And Buddy Holly never wore them! smh

My voice teacher ratted out the entire artsy scene during my freshman year in college. She said “I trust the naive ear. If a person is not trained in music, and hears a boring piece of music, they’ll say its boring. Somebody who is trained will find something nice to say about it.”

After that, I saw an entire college erupt in controversy over a letter written by a person under the influence of pot, any number of “abstract” works produced in a matter of minutes by talented people under a deadline, and a urinal hanging from the ceiling (as a “real” art exhibit in a real museum). I have been told in the most presumptuous tones that it is the “artist” who decides what is “art.” Now I have the answer: “You can say what you will, I do not have to buy it.”

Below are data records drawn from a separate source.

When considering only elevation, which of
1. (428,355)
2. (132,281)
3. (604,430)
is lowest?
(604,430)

    Can’t disagree more. Naive ear often chooses the trushiest pieces, just look at pop music. People need to be educated to appreciate more complicated and ultimately more rewarding art.

      Old0311 in reply to edgeofthesandbox. | May 27, 2016 at 4:39 pm

      Absolutely, education is required to discern the artistic moves of topless dancers.

      Sanddog in reply to edgeofthesandbox. | May 28, 2016 at 3:36 am

      Say what you will but you will never convince me that a paranoid schizophrenic who spent decades drawing lines on a 6 ft canvas was creating “art” rather than attempting to silence the voices in her head. But hey, if you want to spend 5 million bucks on an Agnes Martin that looks like graph paper, knock yourself out.

Dadaism lives!

“WE PUT GLASSES ON THE FLOOR AT AN ART GALLERY…”

That is suboptimal wordage for the art gallery milieu.

“”WE INSTALLED GLASSES ON THE FLOOR AT AN ART GALLERY…”

There. I fixed it for you.

https://en.wikipedia.org/wiki/Installation_art

That teen seems to have a 20/20 prescription for art.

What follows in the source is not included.